▸ **About this task**:
Only the lines from the one containing "Chalet 1932 Boutique" through the last line of the material should be copied, exactly as written and without pictures.

-- Provided records follows --

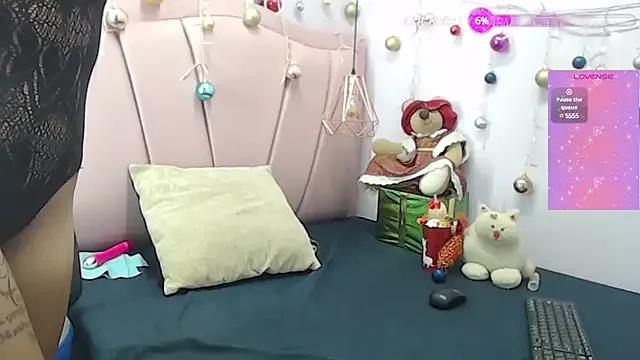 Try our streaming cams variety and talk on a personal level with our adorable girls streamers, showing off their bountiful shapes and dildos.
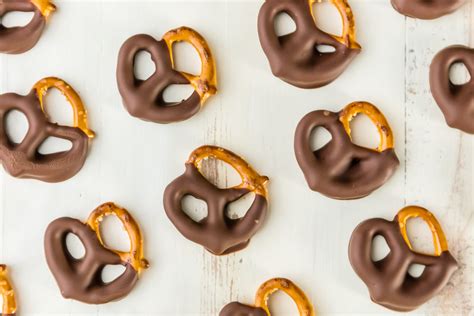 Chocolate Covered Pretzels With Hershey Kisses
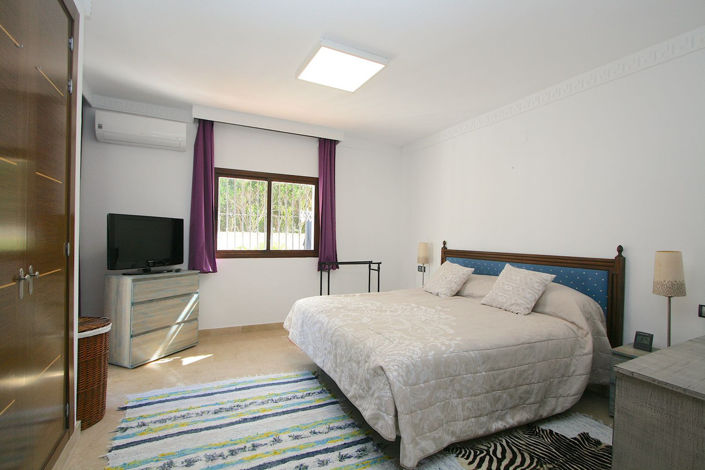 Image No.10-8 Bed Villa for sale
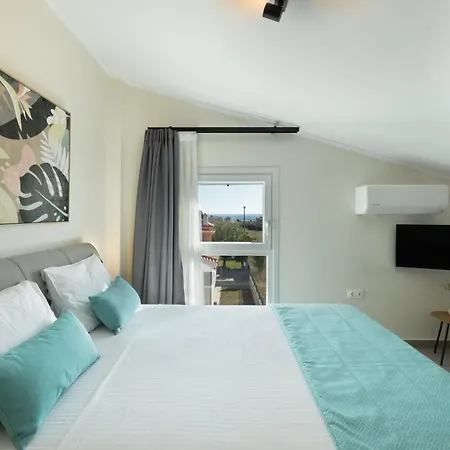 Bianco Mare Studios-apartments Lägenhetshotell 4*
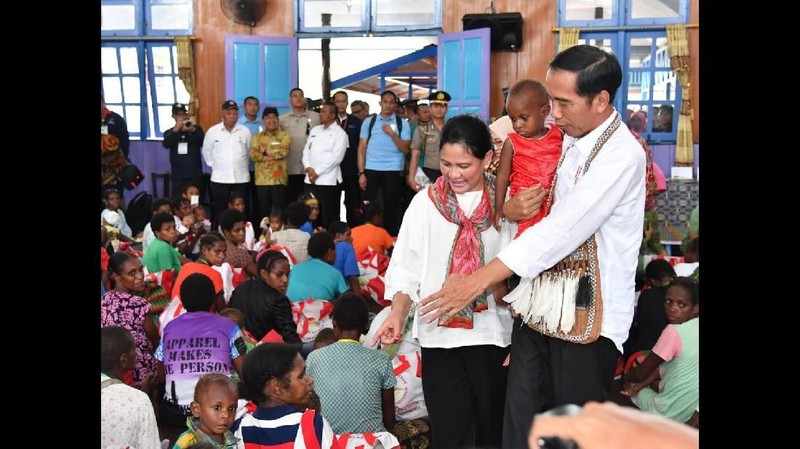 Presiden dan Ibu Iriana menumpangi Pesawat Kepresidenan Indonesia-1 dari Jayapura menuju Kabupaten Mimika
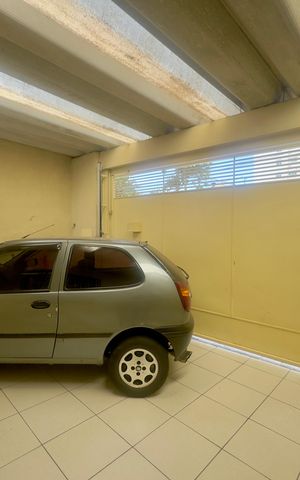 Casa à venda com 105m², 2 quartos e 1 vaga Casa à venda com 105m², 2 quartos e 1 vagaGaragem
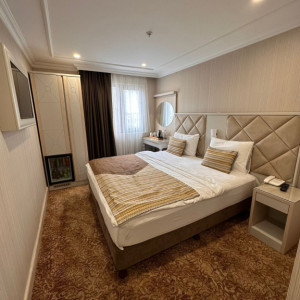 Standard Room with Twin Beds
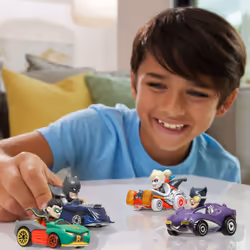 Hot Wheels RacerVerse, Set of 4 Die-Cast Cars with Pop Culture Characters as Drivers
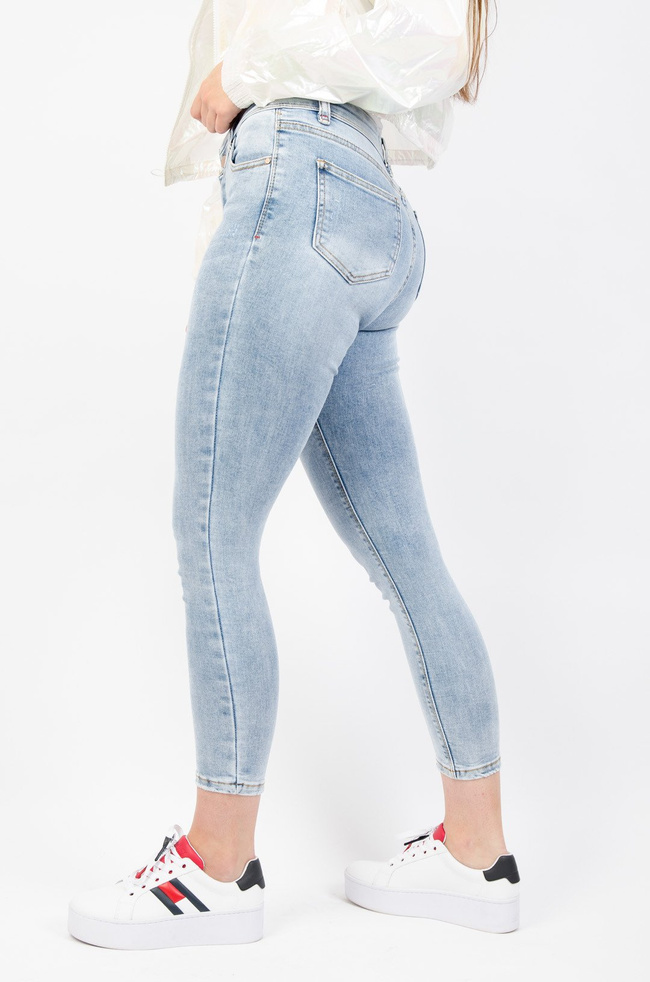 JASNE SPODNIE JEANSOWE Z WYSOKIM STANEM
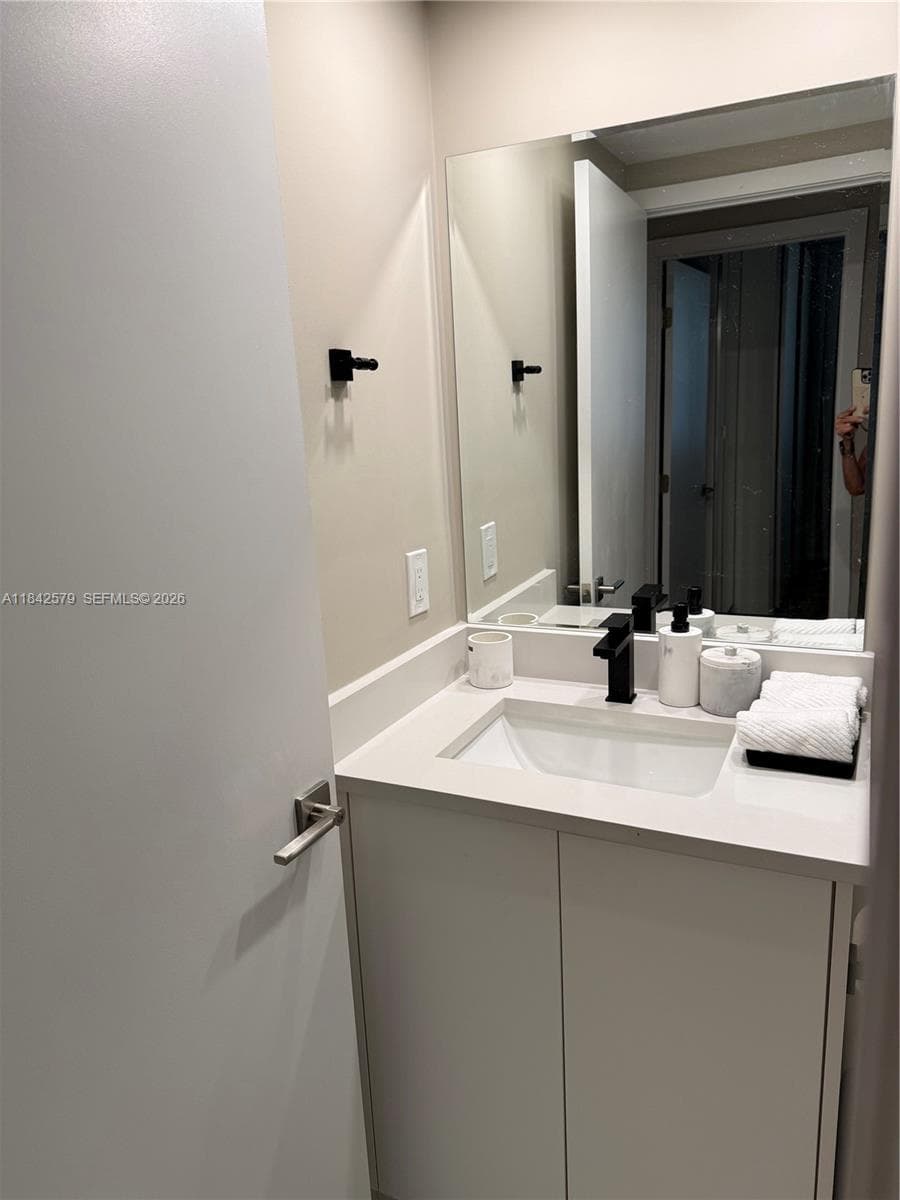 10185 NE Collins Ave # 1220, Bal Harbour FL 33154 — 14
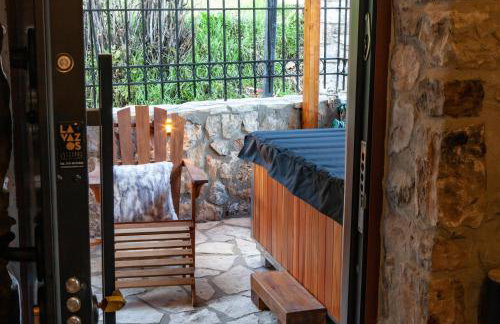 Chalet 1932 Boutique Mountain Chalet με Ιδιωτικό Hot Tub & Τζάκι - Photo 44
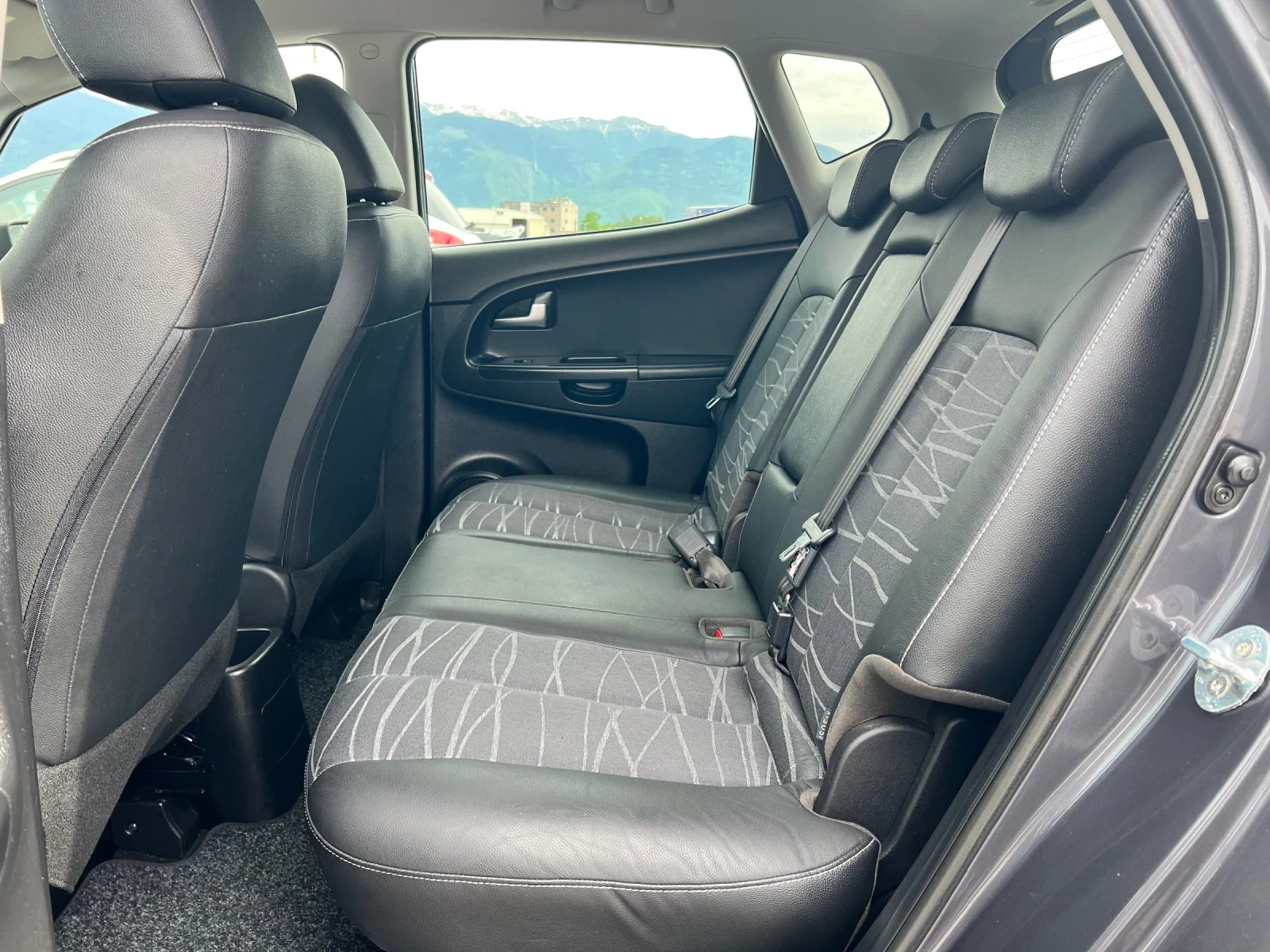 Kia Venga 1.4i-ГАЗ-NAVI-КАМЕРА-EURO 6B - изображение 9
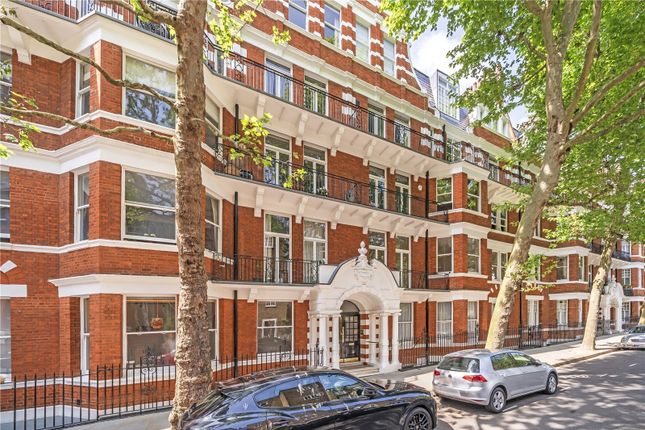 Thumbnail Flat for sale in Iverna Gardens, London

-- Provided records concluded --

▸ **Response area**:
 Chalet 1932 Boutique Mountain Chalet με Ιδιωτικό Hot Tub & Τζάκι - Photo 44
 Kia Venga 1.4i-ГАЗ-NAVI-КАМЕРА-EURO 6B - изображение 9
 Thumbnail Flat for sale in Iverna Gardens, London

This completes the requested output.